Gesù ha definito un altro particolare di questo quadro, ha detto infatti: “Il Mio sguardo da questa immagine è tale e quale al Mio sguardo dalla croce” (Q. I, p. 140). La questione dello sguardo non è dunque senza importanza, se lo stesso Gesù mette l’accento su di essa, dando un significato a questo particolare. E qui incontriamo una doppia interpretazione di questo desiderio di Gesù: alcuni – e tra loro don Sopocko – leggono queste parole in modo realistico e dicono che lo sguardo deve essere diretto in basso come dall’alto della croce; altri credono, che si tratti dello sguardo che esprime la misericordia (tra loro padre J. Andrasz, il secondo direttore spirituale di suor Faustina). A seconda di questa interpretazione sono sorte – si può dire – due “scuole” di rappresentazione dell’immagine del Gesù Misericordioso: una ha il suo modello nel dipinto di E. Kazimirowski, mentre la seconda nel dipinto di A. Hyla, del santuario della Divina Misericordia a Cracovia.

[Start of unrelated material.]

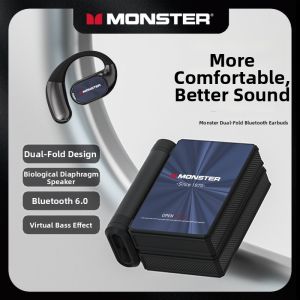 Monster | Over-ear Open-ear Air Bone Conduction Sport Noise-reducing AI Translation Bluetooth Headphones | Trending Choice Alongside AI Work Gear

Quale è il significato di questo quadro?

Il cosiddetto “luogo teologico” è stato indicato dallo stesso Gesù, legando la benedizione del quadro e la sua pubblica venerazione alla liturgia della prima domenica dopo Pasqua. La Chiesa legge in quel giorno il Vangelo sull’apparizione di Gesù risorto nel Cenacolo e sull’istituzione del sacramento della penitenza (Gv 20, 19-29).

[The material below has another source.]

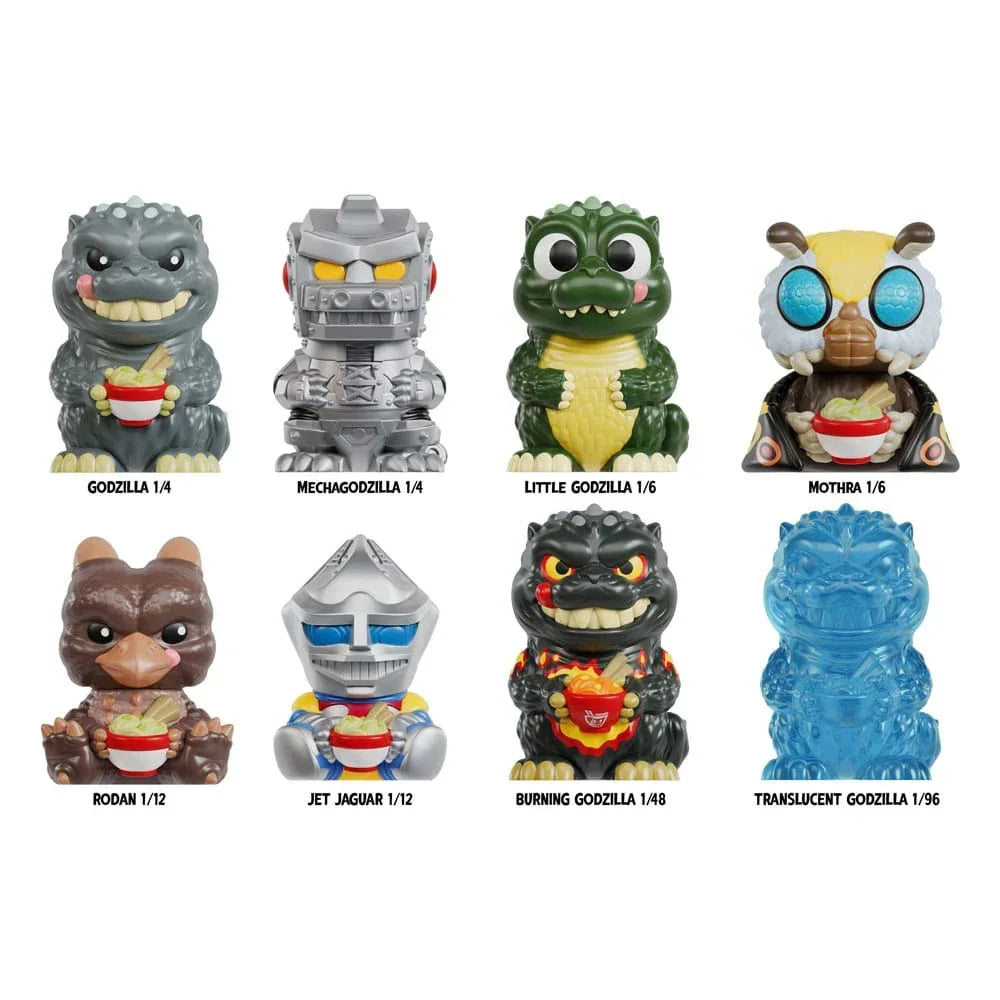 Godzilla + Rokimoto Blind Box Figurer 10 cm Display (12) Funmaker Inc.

A questa scena del Cenacolo si sovrappone l’avvenimento del Venerdì Santo: la crocifissione e la trafittura del Cuore di Gesù con la lancia. “Entrambi i raggi uscirono dall’intimo della Mia misericordia, quando sulla croce il Mio Cuore, già in agonia, venne squarciato con la lancia” (Q. I, p. 132). Di questo scrive san Giovanni nel 19° capitolo del Vangelo. Gesù ha spiegato poi che “il raggio pallido rappresenta l’Acqua che giustifica le anime; il raggio rosso rappresenta il Sangue che è la vita delle anime” (Q. I, p. 132). San Tommaso, riferendosi ai Padri della Chiesa, unisce la simbologia dell’acqua e del Sangue con il sacramento del battesimo e con l’Eucarestia, cosa che può essere riferita anche agli altri sacramenti. “Alla luce del Vangelo di Giovanni – scrive don I. Rozycki – l’acqua e il sangue (…) stanno a significare le grazie dello Spirito Santo, che ci sono state donate per la morte di Cristo. I due raggi rappresentati sul dipinto di Gesù Misericordioso possiedono questo stesso profondo significato” (R., p. 20).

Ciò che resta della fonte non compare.